Negotiation Strategies to Resolve Conflicts in the Workplace
The workplace can be a competitive environment. Each person has different motivations and processes, and inevitably goals may clash and conflicts may arise. There’s nothing to fear though, because when resolved properly, conflicts can result in better understanding and improved working relationships.
So what are the best negotiation strategies to resolve conflicts in the workplace? The best way to find lasting solutions is to confront conflicts head-on. Rather than burying your collective heads in the sand, admit there is a problem and enlist the help of colleagues in finding amicable solutionsor seek out professional negotiation skills training to avoid future conflicts. Here are seven negotiation strategies to turn workplace conflicts into a rewarding job environment.
Workplace conflicts are often a result of poor communication. When not confronted in time, petty grievances could accelerate to major confrontations.
Consider the case of Susan and James. As part of the sales team, they had to prepare a pitch for a major client. During the next meeting, James made a presentation which included ideas Susan had shared in private. Susan was livid! James used her ideas without even bothering to give her credit.

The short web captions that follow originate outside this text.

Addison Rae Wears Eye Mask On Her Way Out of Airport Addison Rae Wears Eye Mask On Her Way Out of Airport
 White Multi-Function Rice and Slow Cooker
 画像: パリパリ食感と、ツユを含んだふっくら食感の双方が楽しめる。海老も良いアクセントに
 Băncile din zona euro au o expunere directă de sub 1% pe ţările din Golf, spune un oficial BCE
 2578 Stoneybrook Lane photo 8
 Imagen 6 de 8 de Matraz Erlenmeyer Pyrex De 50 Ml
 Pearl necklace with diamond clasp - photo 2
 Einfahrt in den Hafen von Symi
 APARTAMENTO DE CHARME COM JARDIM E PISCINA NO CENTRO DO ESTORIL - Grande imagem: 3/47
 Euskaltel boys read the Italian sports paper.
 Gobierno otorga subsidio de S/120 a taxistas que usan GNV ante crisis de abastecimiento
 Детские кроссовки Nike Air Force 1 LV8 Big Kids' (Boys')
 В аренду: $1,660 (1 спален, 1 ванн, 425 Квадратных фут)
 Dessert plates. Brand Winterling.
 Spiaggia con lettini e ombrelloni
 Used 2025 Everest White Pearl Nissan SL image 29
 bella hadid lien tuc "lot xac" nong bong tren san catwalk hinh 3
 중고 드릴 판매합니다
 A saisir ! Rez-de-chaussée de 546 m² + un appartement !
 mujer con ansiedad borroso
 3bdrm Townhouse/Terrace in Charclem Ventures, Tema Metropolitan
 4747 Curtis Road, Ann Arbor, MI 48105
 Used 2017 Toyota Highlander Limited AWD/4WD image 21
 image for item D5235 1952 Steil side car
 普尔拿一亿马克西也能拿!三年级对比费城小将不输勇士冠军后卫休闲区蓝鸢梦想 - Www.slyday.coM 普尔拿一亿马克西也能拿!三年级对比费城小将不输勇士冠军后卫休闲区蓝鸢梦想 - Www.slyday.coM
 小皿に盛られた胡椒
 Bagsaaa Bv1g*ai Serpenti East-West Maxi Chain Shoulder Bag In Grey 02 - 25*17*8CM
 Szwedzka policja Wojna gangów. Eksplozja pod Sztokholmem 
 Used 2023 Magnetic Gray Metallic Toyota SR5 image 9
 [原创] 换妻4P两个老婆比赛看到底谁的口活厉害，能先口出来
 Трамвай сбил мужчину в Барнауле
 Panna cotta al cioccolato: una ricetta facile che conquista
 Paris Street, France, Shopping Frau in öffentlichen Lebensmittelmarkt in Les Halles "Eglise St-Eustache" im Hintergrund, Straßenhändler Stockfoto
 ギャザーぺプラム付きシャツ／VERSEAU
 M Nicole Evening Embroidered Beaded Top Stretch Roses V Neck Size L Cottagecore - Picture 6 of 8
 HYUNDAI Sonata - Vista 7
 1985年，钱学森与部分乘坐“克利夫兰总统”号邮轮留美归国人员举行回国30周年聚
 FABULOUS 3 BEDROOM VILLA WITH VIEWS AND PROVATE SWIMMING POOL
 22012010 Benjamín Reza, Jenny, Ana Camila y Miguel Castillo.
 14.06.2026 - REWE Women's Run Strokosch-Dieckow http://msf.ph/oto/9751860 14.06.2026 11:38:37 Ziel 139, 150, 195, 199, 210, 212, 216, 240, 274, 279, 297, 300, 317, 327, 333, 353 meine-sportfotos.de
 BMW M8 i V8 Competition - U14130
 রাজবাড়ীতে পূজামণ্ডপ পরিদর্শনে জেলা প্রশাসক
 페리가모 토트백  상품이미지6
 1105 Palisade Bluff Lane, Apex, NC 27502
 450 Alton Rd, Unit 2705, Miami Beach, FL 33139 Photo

Susan kept silent about these negative feelings and for months afterwards couldn’t hold a conversation with James or even look him in the eye. On the other hand, James didn’t understand the change in attitude and worked with other team members while avoiding Susan. The silent war between the two created competing alliances within the salesforce while reducing the team’s effectiveness.
In the months that followed, the negative workplace environment lost the team some lucrative opportunities. When the two finally got talking it emerged that James didn’t realize Susan thought he stole her ideas. James revealed he admired Susan’s work style and he always tried to incorporate her ideas in whatever concepts he comes up with.
Additionally, he’s always telling colleagues and supervisors about Susan’s input. On the day of the presentation, he simply didn’t find an opportune moment to mention her during the presentation but colleagues understood it was a collaborative effort and not a personal initiative. If only someone had spoken up, the team may not have lost their unity of purpose in the months to follow.
Listening to what others say can lead to the best conflict resolution outcomes. Often in workplace negotiations, people interrupt and talk over each other, getting in the way of solving the dispute. To develop active listening:
- Be genuinely curious about the other person’s viewpoint.
- Maintain an open and welcoming body language by turning toward the speaker abd maintaining a neutral facial expression.
- Have an opinion on what is said, but be open to change.
- Wait for your turn to talk, don’t interrupt.
- Avoid reinterpreting what others say. Listen without rejecting or modifying what’s been said.
- Identify ideas and the emotional state, and possibly recognize when the verbal expressions don’t match the non-verbal cues.
- Don’t finish other people’s sentences even when they seem stuck in between a sentence.
- Rather than interrupt others mid-sentence, take notes when you feel you might forget something.
- When the other person takes too long to express their views, ask without aggression to start your turn to speak. You could say, “I listened keenly to your points and would like to respond.”
Often, workmates view workplace negotiations as a zero-sum game. Some may view being a negotiator as the ability to win arguments and achieve your interests over other people’s interests. However, when negotiations are combative, they frequently break down and leave both sides unsatisfied with the outcome.
A more effective strategy would be to reconcile interests and add more value to what’s at stake rather than each side defending their interests.
In our earlier example, James and Susan could each fight to take credit for ideas. On the other hand, they could work together to add more value to what’s at stake. Team members can add to the pie by:
Reconciling different perspectives: Find a common stand on matters under negotiation such as budgets, responsibilities, and roles. James could declare publicly about Susan’s input.
Managing cognitive biases: Sometimes our poor decision-making is due to biases and how we weigh certain information. Colleagues should take emotions out of the equation and rely on relevant data to negotiate workplace agreements. Susan could ask for credit rather than stew in silent anger.
Reformulation: Take into account different views to guide different sides into moving away from fixed positions and ultimatums to areas of common interest. James and Susan could move from individual ideas to group achievements.